Hey Tizzy... What other schools do the same sort of thing?  Im looking for a good film school that isnt USC or NYU.  $25000 sure sounds nice.... Any other schools that have similar incentives?

Thanks
jason

"This is your life, and it's ending one minute at a time"


----------



## Drew Johnton (May 19, 2003)

Really? You don't think Miami is that good...

I know NYU is better... I just said Miami as my first choice because i don't think I have the grades to get into NYU...

I'd imagine FSU is hard to get into also, right?

Pretty much I'm  looking for a good school that i can get into...How hard is FSU to get into... harder or easier than NYU?


----------



## Drew Johnton (May 19, 2003)

I checked some information on FSU and from what I found... the average SAT scores are 1128 and the average GPa is 3.63... well I'm pretty dam close...

But that information seems a bit low... i excpected like a 1300 sat and a 3.8 GPA...

Does this information sound accurate to you guys?... this is hwere i found it... 

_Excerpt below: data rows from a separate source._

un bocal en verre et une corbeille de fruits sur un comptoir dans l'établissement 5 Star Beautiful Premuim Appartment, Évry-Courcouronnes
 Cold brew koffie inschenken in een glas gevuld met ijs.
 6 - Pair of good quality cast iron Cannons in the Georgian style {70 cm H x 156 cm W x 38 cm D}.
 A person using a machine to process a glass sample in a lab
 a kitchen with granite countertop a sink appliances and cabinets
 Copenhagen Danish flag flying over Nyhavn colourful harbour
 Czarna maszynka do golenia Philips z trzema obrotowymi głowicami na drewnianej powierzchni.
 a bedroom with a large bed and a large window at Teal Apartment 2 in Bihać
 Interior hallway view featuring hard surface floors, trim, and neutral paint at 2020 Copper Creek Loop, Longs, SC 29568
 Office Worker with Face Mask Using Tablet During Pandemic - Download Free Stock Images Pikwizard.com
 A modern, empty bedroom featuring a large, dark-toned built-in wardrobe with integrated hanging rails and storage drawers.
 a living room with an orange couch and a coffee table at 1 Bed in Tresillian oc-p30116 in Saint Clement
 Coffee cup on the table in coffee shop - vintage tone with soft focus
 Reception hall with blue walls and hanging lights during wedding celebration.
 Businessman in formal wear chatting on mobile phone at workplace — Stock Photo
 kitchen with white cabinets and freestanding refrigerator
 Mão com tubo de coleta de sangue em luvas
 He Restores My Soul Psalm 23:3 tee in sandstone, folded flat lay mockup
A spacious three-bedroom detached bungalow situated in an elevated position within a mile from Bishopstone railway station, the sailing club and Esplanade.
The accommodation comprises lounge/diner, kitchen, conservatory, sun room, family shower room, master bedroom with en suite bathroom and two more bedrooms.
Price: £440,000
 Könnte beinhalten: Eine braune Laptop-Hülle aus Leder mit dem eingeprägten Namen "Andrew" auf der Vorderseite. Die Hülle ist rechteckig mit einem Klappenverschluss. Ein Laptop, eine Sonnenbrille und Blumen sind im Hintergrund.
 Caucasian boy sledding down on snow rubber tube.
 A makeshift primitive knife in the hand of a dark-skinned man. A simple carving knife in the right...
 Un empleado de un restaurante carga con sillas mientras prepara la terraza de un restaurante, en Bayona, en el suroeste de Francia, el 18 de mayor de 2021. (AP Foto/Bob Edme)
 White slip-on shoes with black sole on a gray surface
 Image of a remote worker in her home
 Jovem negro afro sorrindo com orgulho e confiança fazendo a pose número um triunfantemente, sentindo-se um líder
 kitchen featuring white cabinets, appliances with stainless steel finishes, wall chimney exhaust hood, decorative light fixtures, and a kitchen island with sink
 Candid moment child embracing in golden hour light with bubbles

http://www.a2zcolleges.com/misc/Advanced_details.asp?ID=455

This is the kind of info I'm looking for... and I know i can probably ask my guidance counselor and stuff about this but thats from one perspective... i'm interested in the Student perspective.

thanks for your help


----------



## Alan Denton (May 19, 2003)

<BLOCKQUOTE class="ip-ubbcode-quote"><font size="-1">quote:</font><HR> i don't think I have the grades to get into NYU <HR></BLOCKQUOTE>

Well now don't say that. I got in with a 3.65 GPA, which is pretty comparable to what you have. My SATs, however, were better. If you have the chance, take the SATs again, only this time buy the review book and study for them. 

Also, take the SAT II subject tests. NYU says that they don't require that applicants take them, but they "suggest" that they take three

...that means take them.

--Alan

------------------
http://www.alandenton.com
------------------


----------



## Drew Johnton (May 19, 2003)

If you don't mind me asking... what was your SAT score?

I have been taking the SAT classes and all that and hve been working hard... and taking all kinds of practice tests...  

and as of now, 1100 is my best score... and it was on the one that counted.

My SAT tutors say I still have potential to do better on the June 7th test...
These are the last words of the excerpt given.